To enhance the efficiency and integrity of the H-1B foreign worker program, the Biden administration has announced a series of changes. These modifications aim to simplify eligibility criteria, provide greater flexibility for F-1 students, entrepreneurs, and those affiliated with nonprofit organizations, and reduce potential misuse and fraud.
The H-1B non-immigrant visa program is a crucial tool for US employers, allowing them to temporarily employ foreign workers with specialized skills, typically requiring at least a bachelor’s degree.
The proposed changes are designed to maintain the competitiveness of the US in the global job market while ensuring compliance with US labor regulations.
One of the key changes includes modifying the H1B registration selection process. Under the new rules, each individual would have a single entry in the selection process, regardless of the number of registrations submitted on their behalf.
This change aims to prevent misuse and fraud by prohibiting related entities from submitting multiple registrations for the same beneficiary.
The proposed rules also seek to offer beneficiaries more options between legitimate job offers and clarify the criteria for specialty occupation positions by aligning required degree fields with job duties.

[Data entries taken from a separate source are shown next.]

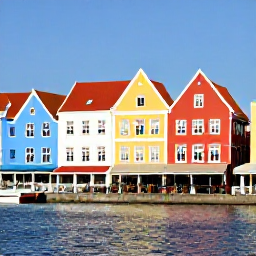 Caribbean Holidays, Cheap January Cura&ccedil;ao, Colourful historic buildings and waterfront cafes in Willemstad, Cura&ccedil;ao, on a sunny January day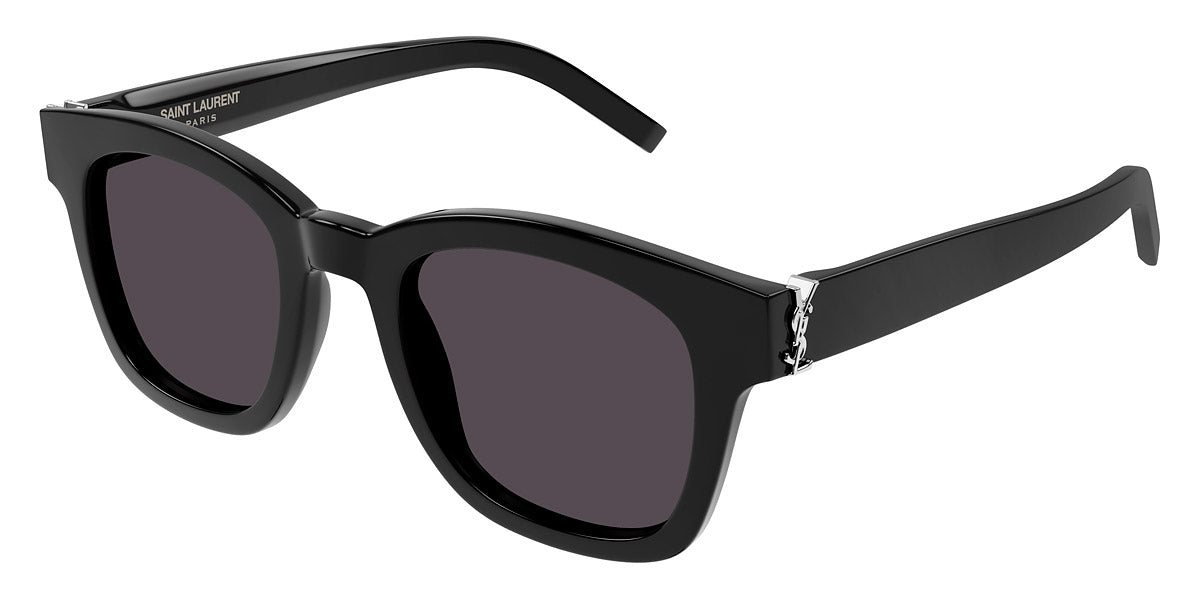 Saint Laurent® M124 SL M124 001 49 - Black / Black Sunglasses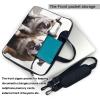 13 inch Laptop Tote Bag Men Women Two Cute Bulldog Dogs Shoulder Laptop Sleeve Briefcase Messenger Computer Bag view 3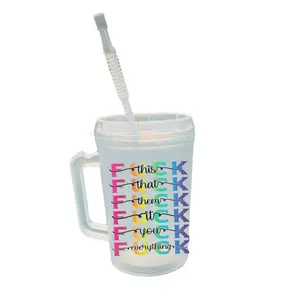 F this, F that, F then, F you! 34oz HIP SIPS Mega Trucker Mug, 34oz Trucker Mug, Retro Mug, Insulated, Hospital Mug, Pregnancy gift, Bridal Party Drinkware Lid Straw Washable Reusable Cup
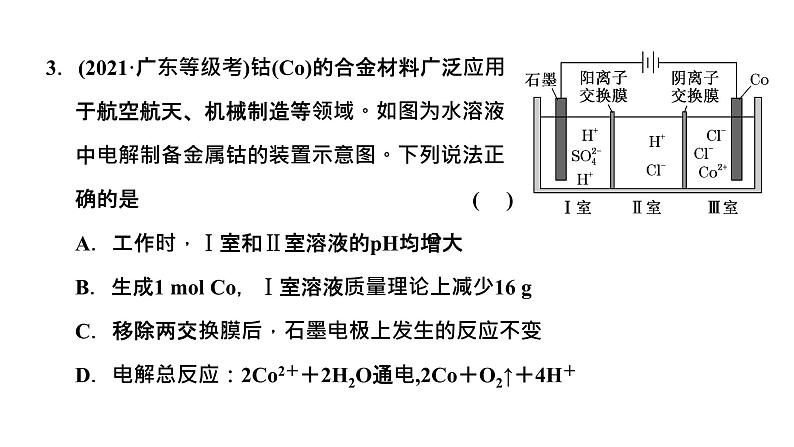 2024届高考一轮复习 第六章 化学反应与能量 第6讲 含交换膜的电化学装置在生产生活中的应用课件PPT第7页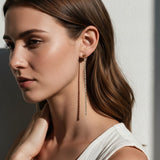 Baguette Chain Drop Earrings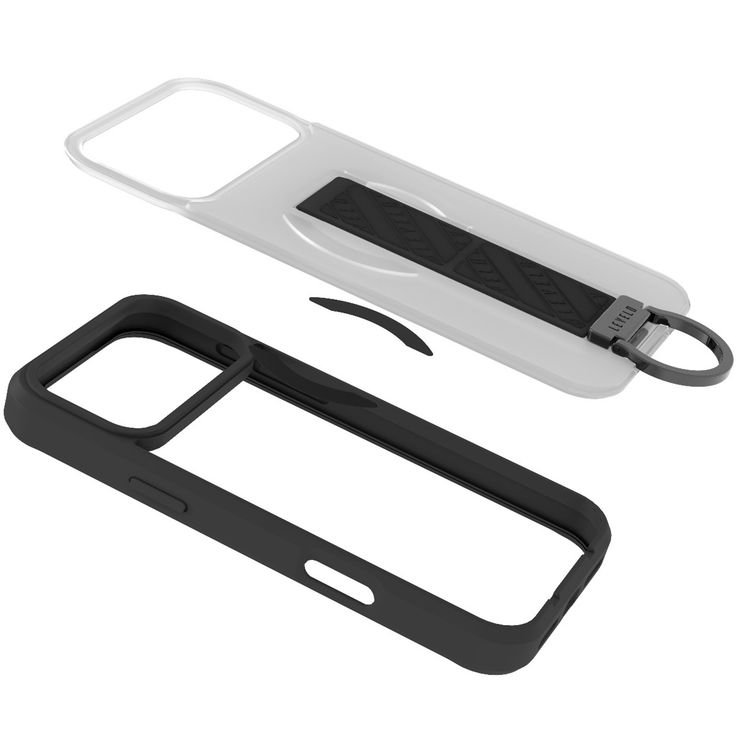 Levelo Morphix Clara GripStand MagSafe Case for iPhone 17 Pro Max, Raised Bezels for Camera & Screen, Strong Magnets, Shockproof Body & Matte Finish, Flexible D-Ring Stand, Anti-Fingerprint - Phantom Black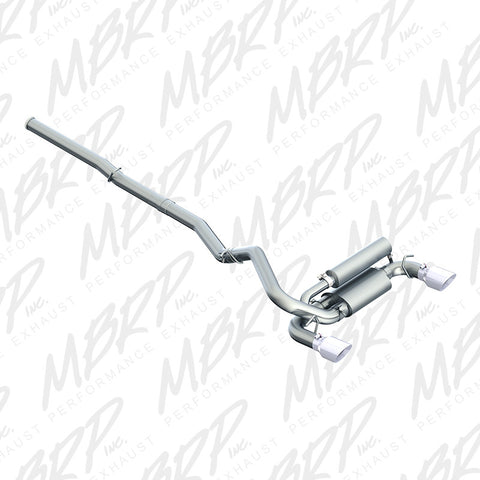 2016 - 2017 Ford Focus RS MBRP 3" Cat Back Exhaust, Dual Outlet, Aluminized
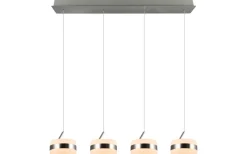 Dios Takpendel LED 4-delad borstad stål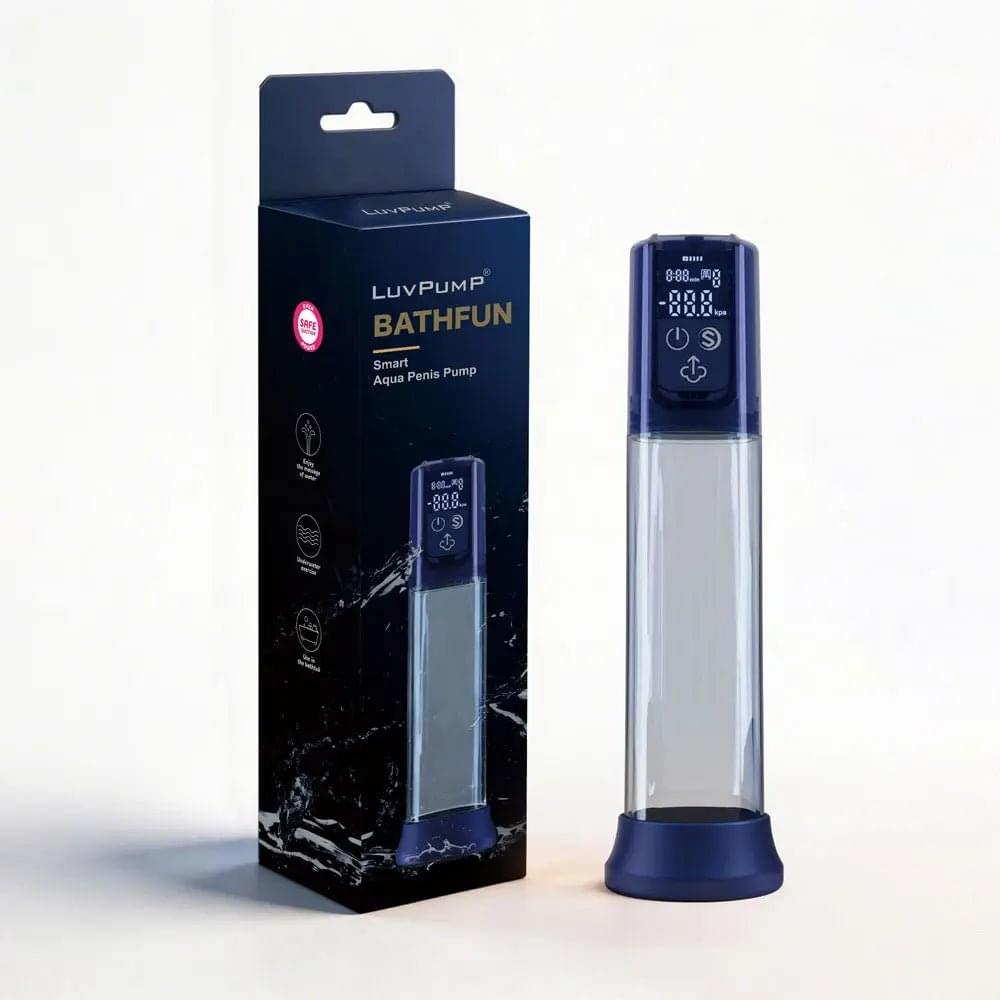 LuvPump Bathfun Smart Aqua Penis Pump -  USB-C Rechargeable Waterproof Automatic Penis Pump LuvPump Discreet Intimate Essentials.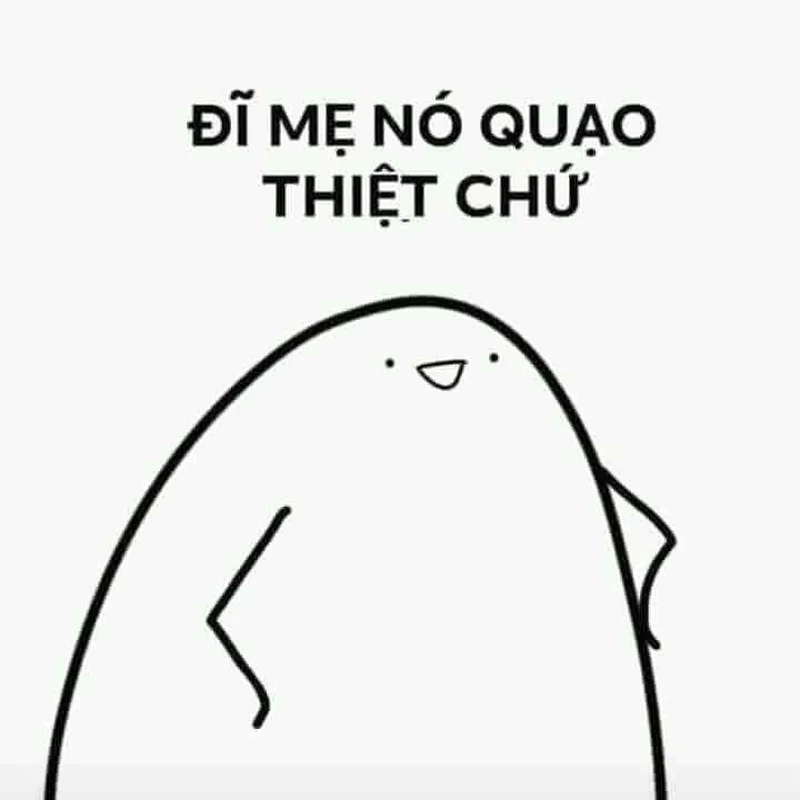 Một meme khoanh tay giận cực kỳ hài hước với sự giận dỗi dễ thương.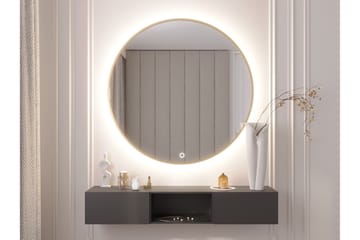 Vägghängd Spegel Gerbinie 80 cm - Guld - Inredning - Spegel - Hallspegel
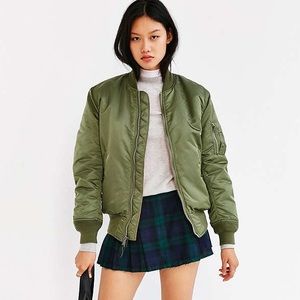 Green bomber jacket ( URBAN OUTFITTERS)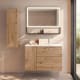 Conjunto de mueble de baño suspendido con lavabo Flat VisoBath Verso Principal 1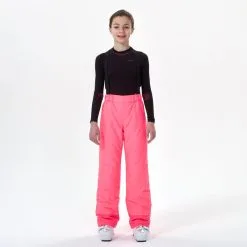 Pantalón De Esquí Y Nieve Niños 7-15 Años Wedze SKI PA 100 Rosa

In addition, adjudicators would defer to prior determinations if no relevant facts have changed, providing more certainty and consistency in the decision-making process.
The Biden administration is also extending certain exemptions to the H-1B cap for nonprofit entities, governmental research organizations, and beneficiaries not directly employed by a qualifying organization.
This move will grant more flexibility to F-1 visa students seeking to transition to H-1B status and introduce new eligibility requirements for aspiring entrepreneurs.
To further safeguard the program’s integrity, the US Citizenship and Immigration Services (USCIS) will be allowed to conduct site visits, potentially resulting in petition denial or revocation in cases of non-compliance.
These changes, scheduled for publication by the USCIS on October 23, 2023, are part of the administration’s commitment to attracting global talent while maintaining the mandated annual cap of 60,000 visas.
The Department of Homeland Security (DHS) is actively seeking public input to refine the program’s efficiency and benefits for employers and workers.
The Biden administration believes that these measures will significantly improve the H-1B program’s integrity and benefit both US employers and foreign workers.